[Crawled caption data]
======

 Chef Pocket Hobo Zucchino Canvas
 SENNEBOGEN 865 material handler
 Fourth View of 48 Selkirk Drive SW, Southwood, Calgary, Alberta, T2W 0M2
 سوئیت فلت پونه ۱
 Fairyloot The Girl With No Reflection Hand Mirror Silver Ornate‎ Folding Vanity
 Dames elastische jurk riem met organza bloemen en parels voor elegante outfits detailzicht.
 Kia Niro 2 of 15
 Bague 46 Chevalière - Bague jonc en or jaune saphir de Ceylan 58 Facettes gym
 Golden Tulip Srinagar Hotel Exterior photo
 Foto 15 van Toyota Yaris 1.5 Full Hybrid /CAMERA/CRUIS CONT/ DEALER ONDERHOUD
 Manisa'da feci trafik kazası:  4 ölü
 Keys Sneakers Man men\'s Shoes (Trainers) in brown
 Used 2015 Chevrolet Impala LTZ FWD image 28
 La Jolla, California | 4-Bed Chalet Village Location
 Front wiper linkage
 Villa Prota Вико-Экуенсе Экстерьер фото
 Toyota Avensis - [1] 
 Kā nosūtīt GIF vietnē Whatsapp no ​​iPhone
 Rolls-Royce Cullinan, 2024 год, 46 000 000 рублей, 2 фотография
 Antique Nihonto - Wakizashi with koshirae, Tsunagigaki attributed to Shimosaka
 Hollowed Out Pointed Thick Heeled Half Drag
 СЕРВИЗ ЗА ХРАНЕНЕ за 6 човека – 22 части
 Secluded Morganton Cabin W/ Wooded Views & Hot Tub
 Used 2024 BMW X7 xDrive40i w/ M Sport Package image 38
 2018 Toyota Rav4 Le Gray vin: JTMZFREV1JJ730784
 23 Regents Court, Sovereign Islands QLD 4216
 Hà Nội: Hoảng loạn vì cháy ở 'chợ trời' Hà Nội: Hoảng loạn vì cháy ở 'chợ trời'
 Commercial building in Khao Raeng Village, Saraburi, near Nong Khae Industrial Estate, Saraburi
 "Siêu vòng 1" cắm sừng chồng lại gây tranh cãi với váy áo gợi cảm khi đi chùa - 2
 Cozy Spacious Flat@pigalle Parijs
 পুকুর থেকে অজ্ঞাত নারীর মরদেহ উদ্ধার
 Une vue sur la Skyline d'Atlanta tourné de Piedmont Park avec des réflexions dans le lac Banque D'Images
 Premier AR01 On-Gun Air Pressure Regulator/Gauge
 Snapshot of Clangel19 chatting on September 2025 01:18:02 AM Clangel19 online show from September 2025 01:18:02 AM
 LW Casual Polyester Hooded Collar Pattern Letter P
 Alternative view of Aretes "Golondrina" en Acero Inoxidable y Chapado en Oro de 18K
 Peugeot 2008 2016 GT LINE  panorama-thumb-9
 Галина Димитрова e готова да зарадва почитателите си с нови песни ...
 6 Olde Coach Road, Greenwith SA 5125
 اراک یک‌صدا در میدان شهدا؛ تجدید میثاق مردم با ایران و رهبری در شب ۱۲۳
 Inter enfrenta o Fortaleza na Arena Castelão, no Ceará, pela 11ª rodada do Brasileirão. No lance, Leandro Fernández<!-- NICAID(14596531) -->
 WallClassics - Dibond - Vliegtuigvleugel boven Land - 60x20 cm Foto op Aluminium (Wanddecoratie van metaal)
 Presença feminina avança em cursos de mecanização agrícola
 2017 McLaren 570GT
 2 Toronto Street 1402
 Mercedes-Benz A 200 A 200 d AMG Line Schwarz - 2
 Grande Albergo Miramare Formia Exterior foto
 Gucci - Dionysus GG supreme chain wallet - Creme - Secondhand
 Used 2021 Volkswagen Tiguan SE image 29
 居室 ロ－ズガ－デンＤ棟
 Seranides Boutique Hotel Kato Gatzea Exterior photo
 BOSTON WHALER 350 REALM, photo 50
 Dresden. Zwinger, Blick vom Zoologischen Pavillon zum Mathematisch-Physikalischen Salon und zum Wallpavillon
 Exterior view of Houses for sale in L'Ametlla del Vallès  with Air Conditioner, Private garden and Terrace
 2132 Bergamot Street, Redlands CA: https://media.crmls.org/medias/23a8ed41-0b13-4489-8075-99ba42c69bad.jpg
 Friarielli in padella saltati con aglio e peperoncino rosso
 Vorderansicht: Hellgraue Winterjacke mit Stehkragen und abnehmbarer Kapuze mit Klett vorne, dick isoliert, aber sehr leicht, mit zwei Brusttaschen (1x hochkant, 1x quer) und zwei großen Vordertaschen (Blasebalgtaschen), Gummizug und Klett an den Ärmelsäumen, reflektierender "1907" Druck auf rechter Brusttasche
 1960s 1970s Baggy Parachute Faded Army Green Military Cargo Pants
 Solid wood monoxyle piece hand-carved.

======

### What to work on:
Out of the records above, pick each line that contains the string "Exterior".

### Reply:
 Golden Tulip Srinagar Hotel Exterior photo
 Grande Albergo Miramare Formia Exterior foto
 Seranides Boutique Hotel Kato Gatzea Exterior photo
 Exterior view of Houses for sale in L'Ametlla del Vallès  with Air Conditioner, Private garden and Terrace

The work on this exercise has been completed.